Мерзавцы, сказали им, что это ты, командир, приказал так сделать, Якобы лошади вам нужны для разведчиков. Народ требует, чтобы вы вернули лошадей, потому что на руках нам стариков не вынести. Родственники тех старух, грозятся покончить собой.
Услышанное ввело в шок стоящих бойцов, в это невозможно было поверить, но уверенность, с которой говорил старик, не оставляла сомнений, что так может произойти, ведь он знал своих сельчан лучше всех. Надо было срочно что-то предпринимать.
— Низами, сколько еще до перевала, — спросил полковник разведчика для того, чтоб решить, как поступить в этой сложной обстановке.
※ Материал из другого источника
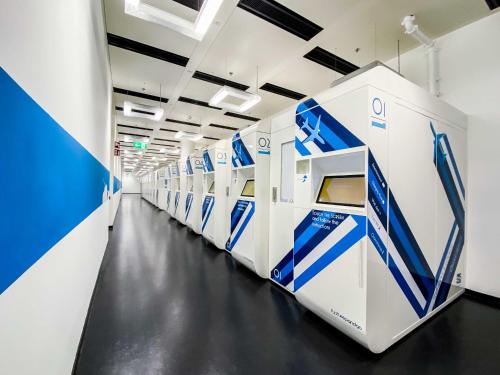 una fila de lavadoras y secadoras en una habitación en Resting Pods - Zzzleepandgo Wien Airport en Schwechat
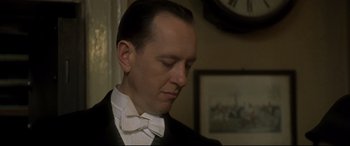 Movie still from “Gosford Park” (2001), directed by Robert Altman – A person wearing a suit and bow tie; Close Up shot, Low angle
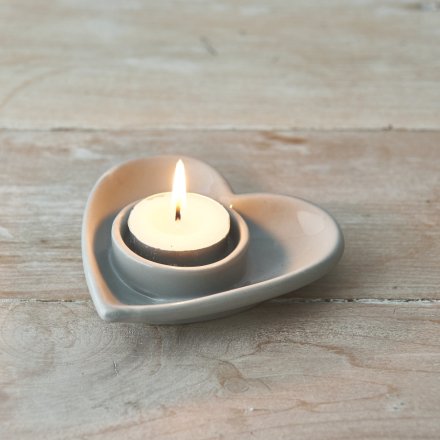 A charmingly simple heart shaped ceramic dish featuring a T-light holder space 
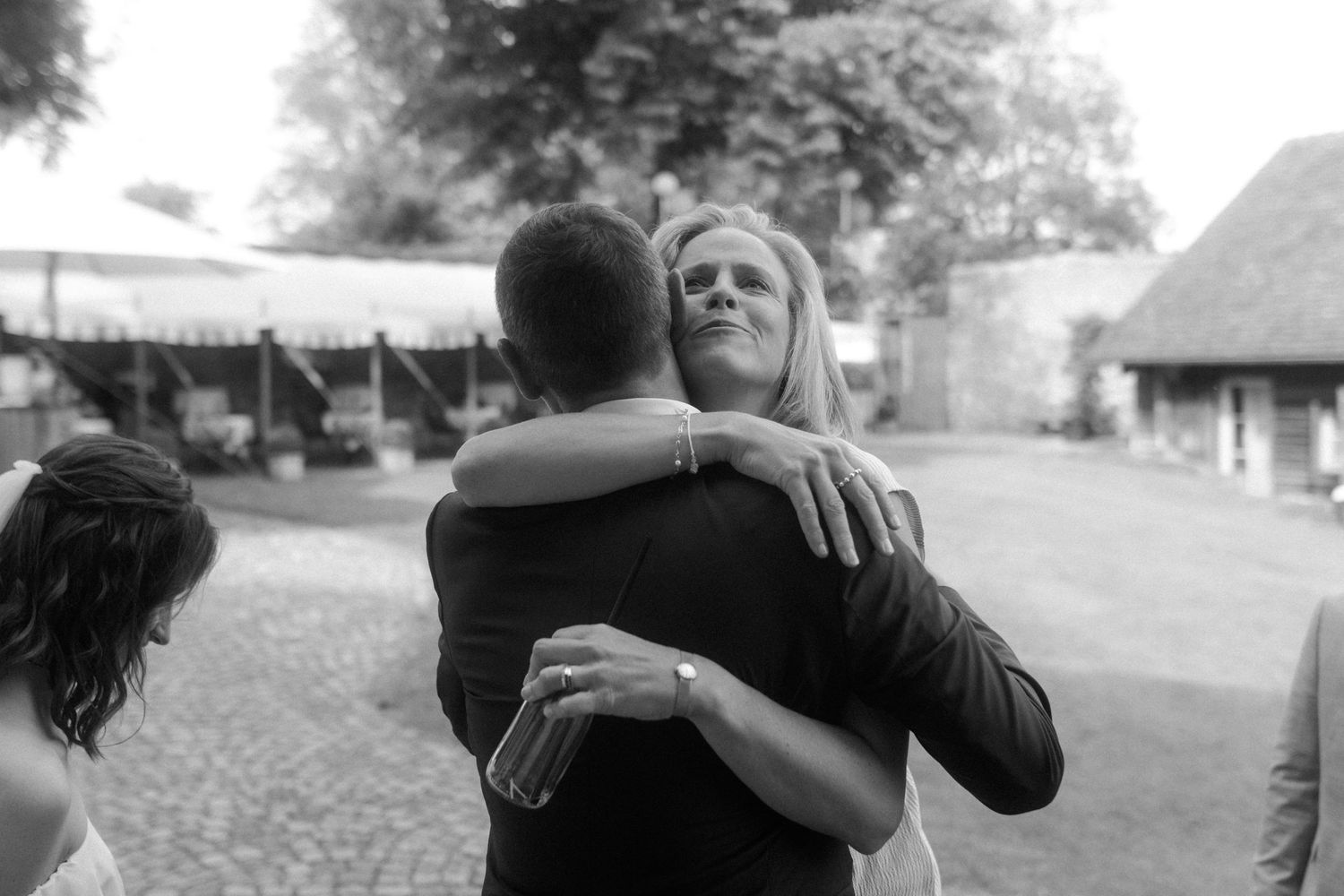 Black and white candid photo of wedding guests embracing during outdoor reception.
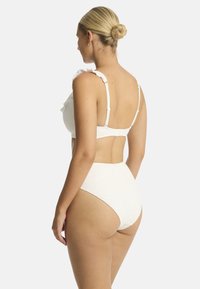 Weißes Bikini-Set aus strukturiertem Stoff, mit Rüschenrand am Oberteil, verstellbaren Trägern und hochgeschnittenen Unterteilen mit dezenter Detailgestaltung.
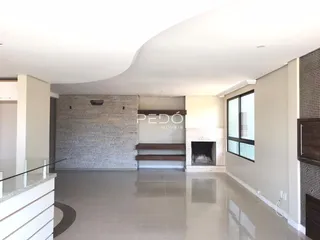Sala de estar com piso claro e parede de tijolos expostos em um imóvel.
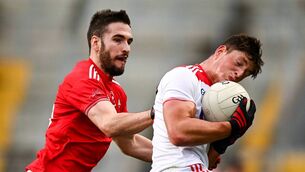 <p>TO HAVE AND HOLD: Cork’s Colm O’Callaghan shields possession from Louth’s Patrick Reilly during Saturday’s Allianz FL match at Páirc Uí Chaoimh. O’Callaghan scored the first of Cork’s five goals. <span class="contextmenu emphasis CaptionCredit">	Picture: Harry Murphy/Sportsfile</span>
            </p>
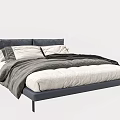 Modern Double Bed With Dark Upholstered Headboard White Gray Pillows And Soft Blanket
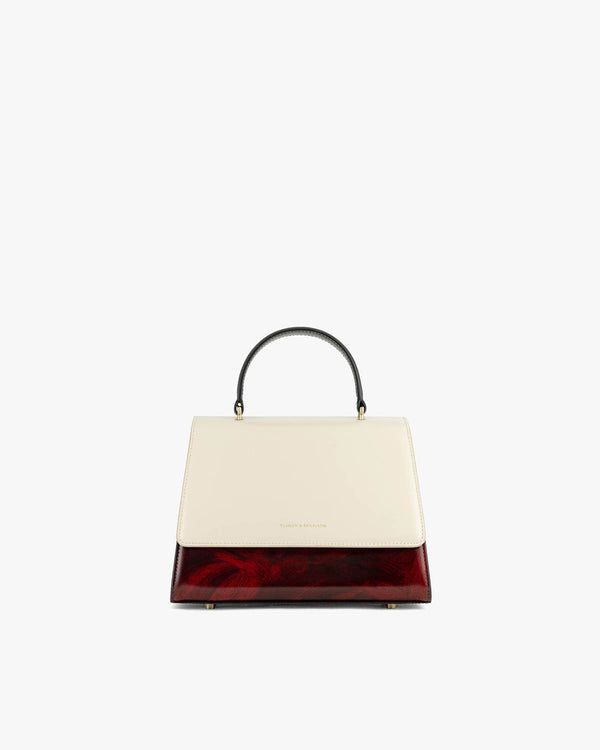ALEXIA bag in art deco colourblock, front view, black top handle, standing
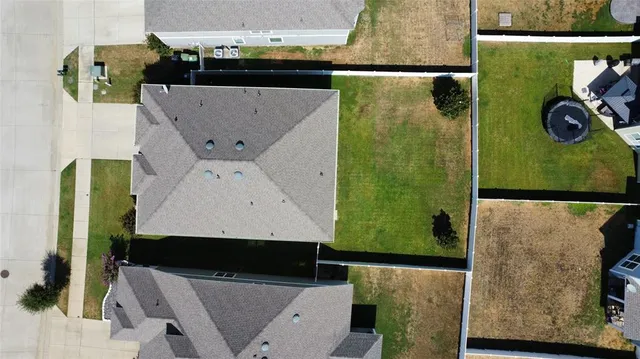 an aerial view of a house with a garden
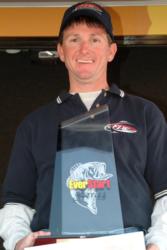 Pro Allan Glasgow proudly displays his first-place trophy after winning the EverStart event on Santee Cooper.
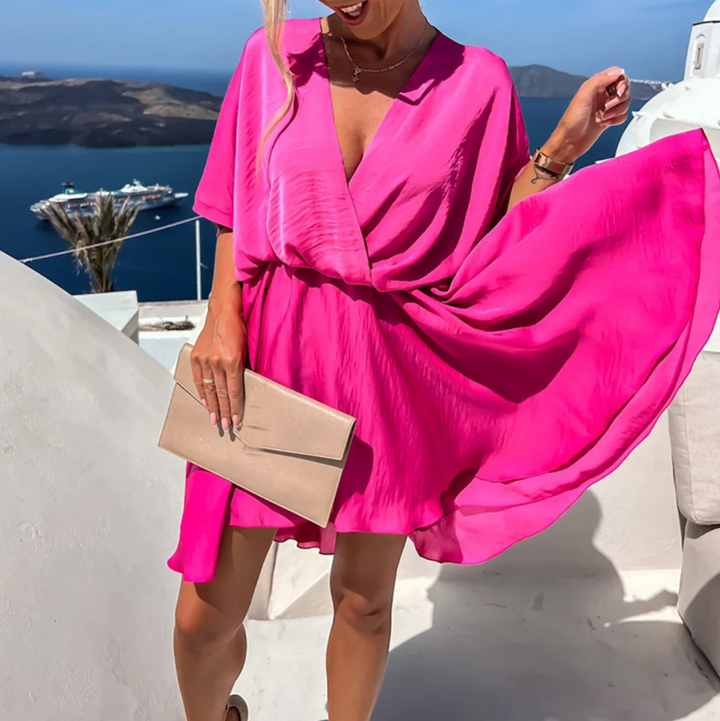 Femme portant une robe rose élégante, coupe flatteuse. Style chic et polyvalent pour toutes.
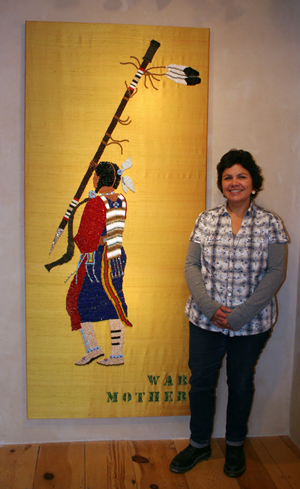 Greeves stands next to a six-foot beaded wall hanging she made that tells the story of cen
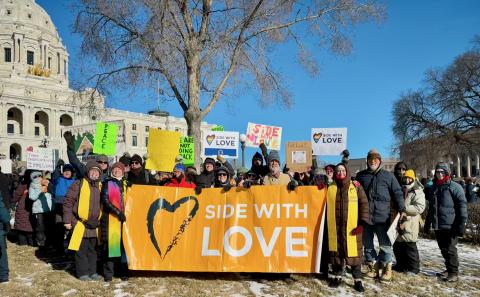 lots of unitarians standing behind a side with love sign in front of the mn capitol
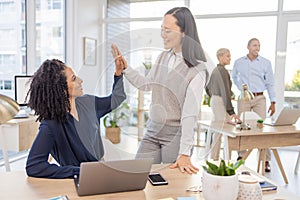 Business women, high five and corporate team celebrate success, win or target achievement in office. Diversity people or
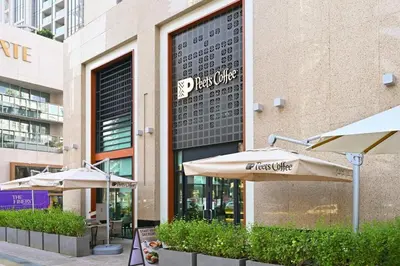 a restaurant with umbrellas in front of a building at Ultra Modern Downtown Residence Steps Away from Burj Khalifa and Dubai Mall in Dubai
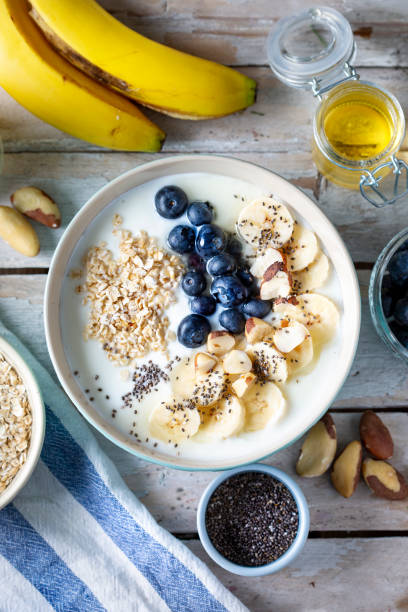istock Blueberries, banana slices, oat flakes and yoghurt 1464491189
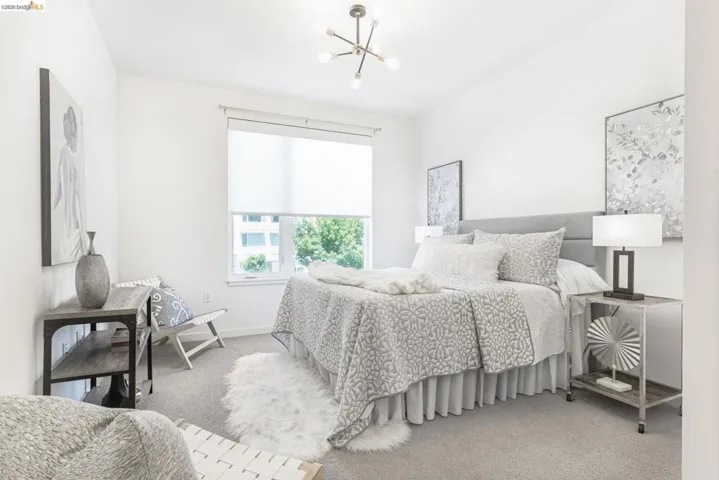 Bedroom featuring a single window, roller shade, and light gray carpet flooring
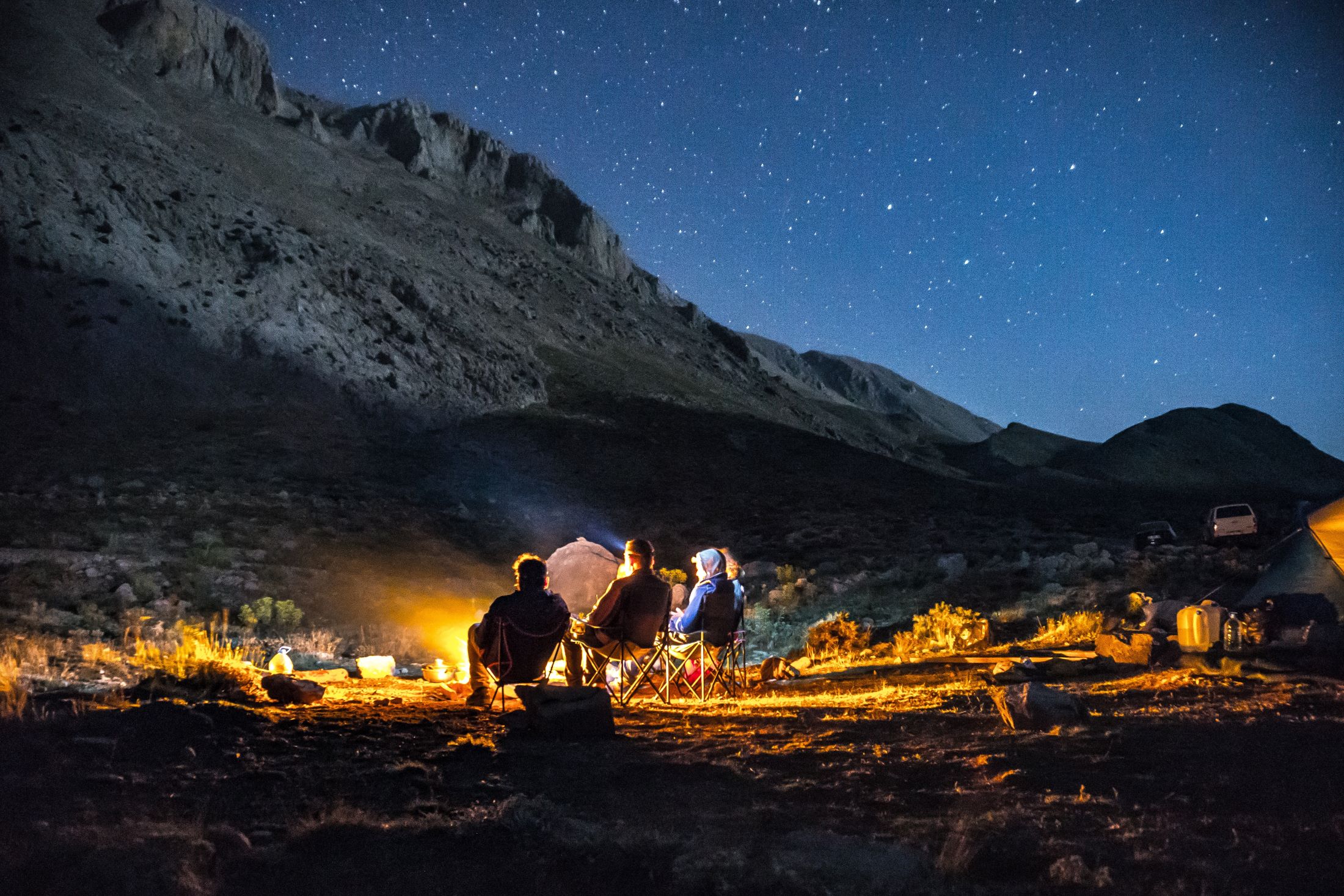 A group of campers at night sitting around a fire at the base of a mountain in the desert.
Он брал паузу, задавая вопрос лейтенанту, хотя сам прекрасно знал ответ.
— Еще километров пятнадцать, если пойдем по этой дороге, через пол километра, есть небольшая пещера и укрытие. Там можно переждать снег и отдохнуть, а ночью снова двинуться в путь. Услышав про пещеру, его прервал Карам— киши.
— Я знаю одного чабана, который знает туда короткую дорогу, я сейчас. Он там с детьми идет, — Карам-киши быстро пошел к людям, сидящим невдалеке и прятавшимся от дождя под одеялами.
— Вот это дела, — вслух проговорил Видади из Сумгаита, ни к кому не обращаясь. Мы, можно сказать, трое суток после Шуши пробивались к ним, ребят таких хороших уложили, чтобы спасти их, а теперь выходит, что мы сами ведем людей на верную гибель, да?
— Азай, — крикнул полковник, пытаясь глазами отыскать Малыбяйлинского бойца, — пройдись по колонне и подробно расспроси сельчан о тех мерзавцах, постарайся успокоить их и скажи, что это не мы приказали, а подлецы использовали наше имя. Только прошу тебя, как-нибудь узнай имена тех сволочей.
— Видади, — полковник позвал Рустамова, из Джейранбатанских ребят, — отбери человек пять-шесть, только тех, кто сможет помочь несчастным и нести их. Вещи оставьте, возьмите только оружие. И еще, найди Босса и пришли его ко мне. Новость о пропавших лошадях потрясла всех бойцов.
Пока курили, слушая разведчиков, подошли председатель и пастух, одетый в дождевик, на голове которого, как вершина Кечал-дага, восседала огромная лохматая овечья папаха. Пастух протянул руку для пожатия и коротко представился, — я Мамед-киши. Сядир, по нашему — председатель, сказал, что вы хотели меня видеть, — он внимательно разглядывал собравшихся.